Third, the qualifier appears to be equally applicable to each category of persons in the entire series of nouns because, with respect to all such persons, “the actual reasonable and necessary costs” of travel and incidental expenses expressly authorized in paragraph (9)(c) meet the description, in paragraph 9(a), of not being otherwise “provided” under section 112.061. In fact, the Legislature appears to have underscored this intent in paragraph (9)(a) by admonishing, in the very next sentence, that “[a]ll other transportation and incidental expenses pursuant to this subsection shall be as provided in s. 112.061.” Thus, it is my opinion that the County may only use tourist development tax funds to pay for transportation and other incidental expenses not otherwise permitted by section 112.061 for “travel writers, tour brokers or other persons connected with the tourist industry” when such persons are traveling pursuant to section 125.0104(9)(c).

Paragraph (9)(c) does not allow a tourist promotion agency to use tourist development tax funds to pay for the cost of travel to and from the County incurred by travel writers, tour brokers, or other persons connected with the tourist industry (when such travelers are neither performing agency duties nor serving as agency consultants or advisers) to attend promotional activities or events put on by the County’s tourist promotion agency. The cost of shared transportation used by agency officers, employees, and other authorized persons when meeting with one or more travel writers, tour brokers, or other persons connected with the tourist industry may be paid with tourist development tax funds. The cost of airfare and other transportation expenses incurred by travel writers, tour brokers, or other persons connected with the tourist industry to attend such meetings (who, in undertaking that travel, are not, themselves, fulfilling duties in furtherance of the official business of the local tourist development agency) may not.

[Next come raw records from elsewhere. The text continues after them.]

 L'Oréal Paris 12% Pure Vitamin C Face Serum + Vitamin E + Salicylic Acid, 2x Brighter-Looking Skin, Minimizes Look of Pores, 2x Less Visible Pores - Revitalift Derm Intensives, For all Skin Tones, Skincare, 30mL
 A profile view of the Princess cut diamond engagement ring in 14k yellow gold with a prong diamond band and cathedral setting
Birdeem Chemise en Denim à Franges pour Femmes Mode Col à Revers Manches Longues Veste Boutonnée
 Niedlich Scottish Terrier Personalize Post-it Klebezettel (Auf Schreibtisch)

Based on the foregoing, it is my opinion that the County may not expend tourist development tax revenue to pay the cost of travel to and from the County, including airfare, incurred by travel writers, tour brokers, and other persons connected with the tourist industry in connection with such persons’ attendance at promotional activities or events put on by the County’s tourist promotion agency.


Sincerely,


Ashley Moody
Attorney General

AM/ttlm
_________________________

1 The remaining applicable provisions of section 112.061 specify, among other things, that no request for travel to be paid for by the agency shall be authorized or approved “unless it is accompanied by a signed statement by the traveler's supervisor stating that such travel is on the official business of the state and also stating the purpose of such travel.” 112.061(3)(a), Fla. Stat. (2019). Additionally, “[t]ravel expenses of travelers shall be limited to those expenses necessarily incurred by them in the performance of a public purpose authorized by law to be performed by the agency and must be within the limitations prescribed by this section.” 112.061(3)(b), Fla. Stat. (2019).

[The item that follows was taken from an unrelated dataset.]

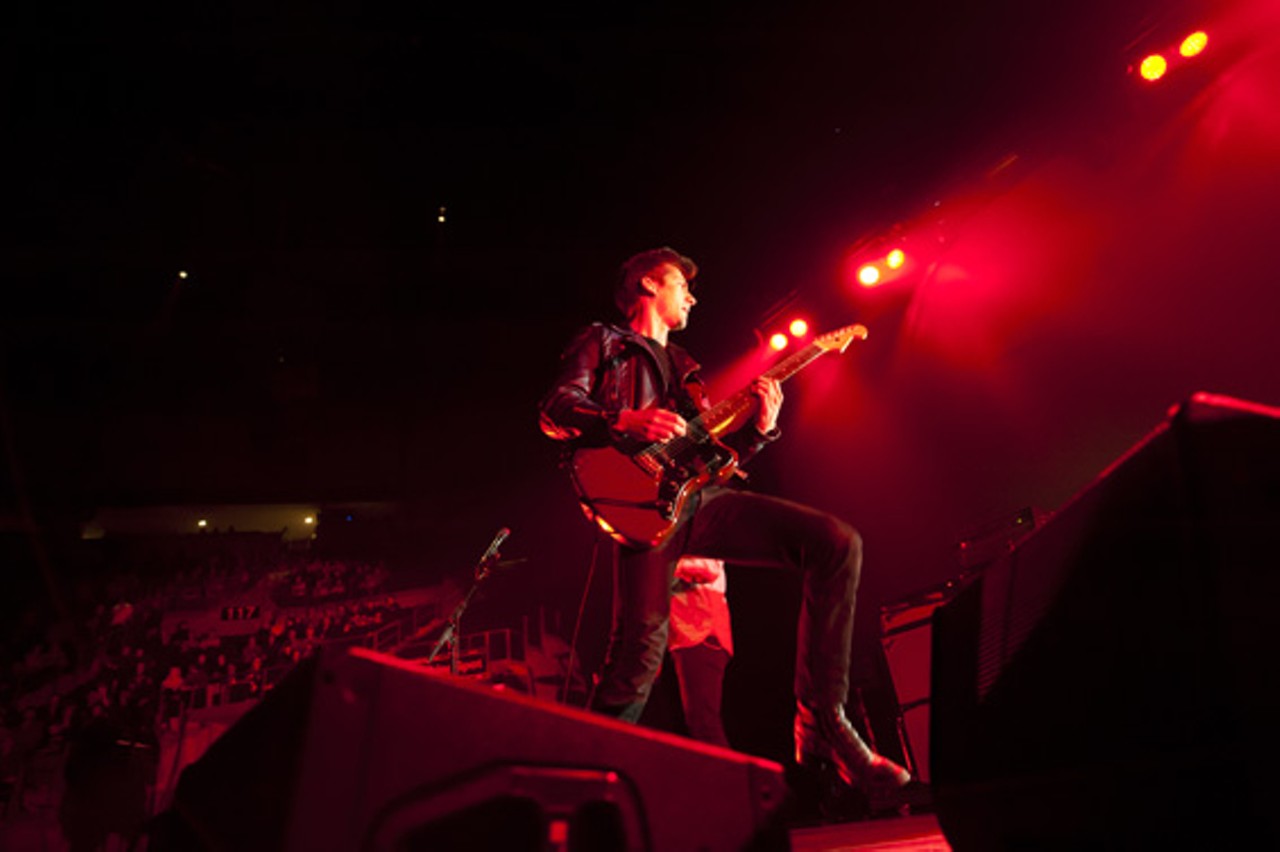 Arctic Monkeys performing at the Chaifetz Arena in St. Louis on Friday, April 27.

2 Bank of New York Mellon v. Glenville, 252 So. 3d 1120, 1128 (Fla. 2018).

3 State ex rel. Owens v. Pearson, 156 So. 2d 4, 6 (Fla. 1963).

4 Kasischke v. State, 991 So. 2d 803, 812 (Fla. 2008) (quoting 2A Norman J. Singer & J.D. Shambie Singer, Statutes and Statutory Construction 47:33 (7th ed. 2007)).

5 Barnhart v. Thomas, 540 U.S. 20, 26 (2003) (quoting Nobelman v. American Savings Bank, 508 U.S. 324, 330 (1993)).

6 Kasischke, 991 So. 2d at 812 (quoting 2A Norman J. Singer & J.D. Shambie Singer, Statutes and Statutory Construction 47:33 (7th ed. 2007)).

7 Barnhart, 540 U.S at 26.

8 Id.

9 Penzer v. Transp. Ins. Co., 29 So. 3d 1000, 1007 (Fla. 2010).

10 Kasischke, 991 So. 2d at 812 (quoting Porto Rico Ry., Light & Power Co. v. Mor, 253 U.S. 345, 348 (1920)).

11 Antonin Scalia & Bryan A. Garner, Reading Law: The Interpretation of Legal Texts 147 (2012); Black's Law Dictionary (11th ed. 2019). The series-qualifier canon is also termed the ”prepositive/postpositive-qualifier canon” or the “prepositive/postpositive-modifier canon.” Id.

12 68 So. 3d 965 (Fla. 1st DCA 2011).